A few times a year, select musicians from all over North America come together in Kansas City.
Assembling with a few of their locally based colleagues just a few days before show time, they pull off an impressive feat: a concert encompassing centuries-worth of styles, and techniques both ancient and modern.
That is the model for the Spire Chamber Ensemble, one of Kansas City’s acclaimed professional choirs, which is preparing for a busy week: three different programs, incorporating seven languages, 90 percent a cappella and spanning 1,500 years of repertoire.
“One of our goals is to help the audience go through a journey," says Ben A. Spalding, Spire’s founder and artistic director (who is also director of music at Trinity Lutheran Church in Mission, Kansas).
“I really believe in the power of art and its importance in our society, especially choral music, because we have text. It teaches us to hold multiple truths," he says, "to be able to dialogue about our differences."
Along with its popular annual rendition of George Frideric Handel’s “Messiah,” this versatile group of musicians has adapted, over the years, from its early history performing works for choir and organ at Community of Christ in Independence, Missouri, with organist Jan Kraybill.
Now, the ensemble more often presents monumental works: newly commissioned pieces and re-discovered early virtuosic masterworks, never or rarely heard in Kansas City, often performed in cohort with the Spire Baroque Orchestra.

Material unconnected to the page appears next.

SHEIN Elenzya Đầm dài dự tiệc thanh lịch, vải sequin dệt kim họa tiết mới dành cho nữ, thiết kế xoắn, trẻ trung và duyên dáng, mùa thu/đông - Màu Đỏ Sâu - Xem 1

This weekend, the ensemble closes its eighth season with “Signature Spire" on June 30, sharing the full scope of Spires’ skills in a taut seventy-minute concert at Visitation Church. It’s the official release party for Spire’s first album, too, an exemplary collection of 20th century works, featuring Frank Martin’s “Mass for Double Choir.”

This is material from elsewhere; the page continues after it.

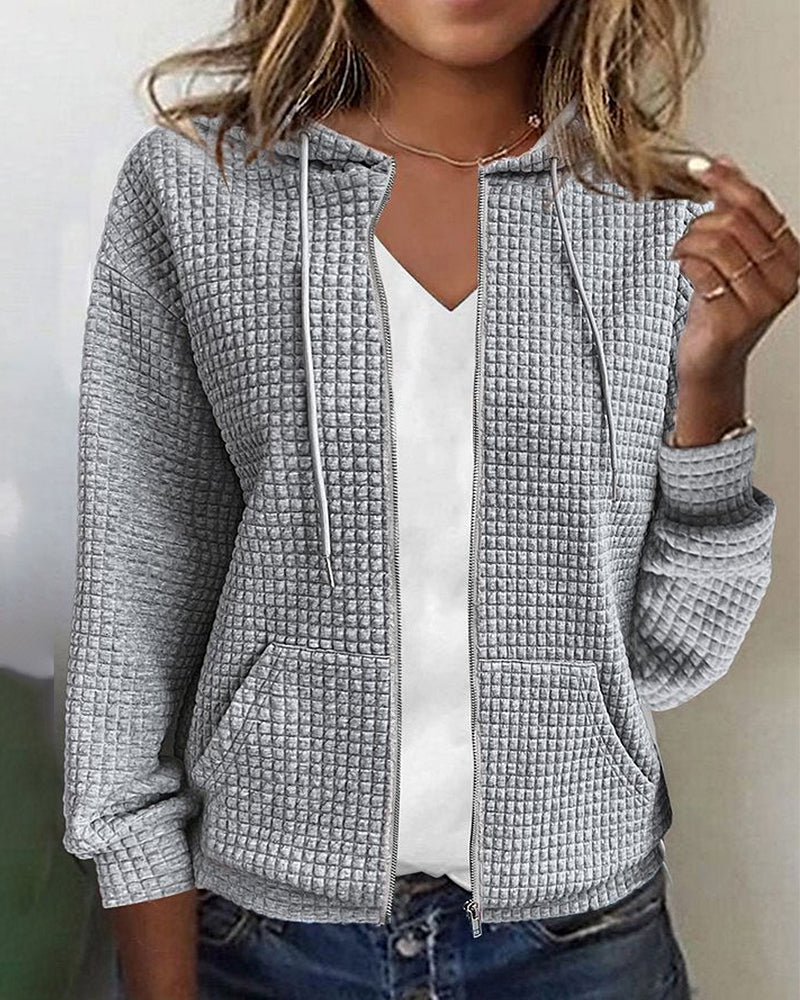 Relaxed Fit Women's Coat with Pockets and Adjustable Waist - Pexav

Then, on July 2 and 3, the ensemble performs in Helzberg Hall for the national convention of the American Guild of Organists.
Saturday's concert is “a highly eclectic program, perhaps one of the most eclectic,” Spalding says, “but I think people will really see the threads that connect the sections.”

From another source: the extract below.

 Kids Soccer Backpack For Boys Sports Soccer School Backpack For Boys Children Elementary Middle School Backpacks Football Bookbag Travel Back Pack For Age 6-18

This musical code switching is, in a way, the very essence of Spire.
“We really feel very passionate about changing our color, our vocal production, our diction, to meet the style needs,” Spalding says, and to make the switch wholly and immediately — “that’s something that we do really well.”
“Signature Spire” draws its program from some of the ensemble’s best-loved performances. As is typical for their mixed-repertoire shows, Spalding organizes programs into thematic, through-performed sections, allowing one work to flow into the next, but mixing eras and styles.
“We really try showcase obscure choral works, but also give a breath of fresh air, after hearing something really difficult," says Spalding.
Within each section, applause is withheld between pieces as to not disrupt the flow. It makes for a riveting audience experience, where final notes of one piece ring into the beginnings of the next, and, instead of hammering palms together, audience members can bask in those reverberations.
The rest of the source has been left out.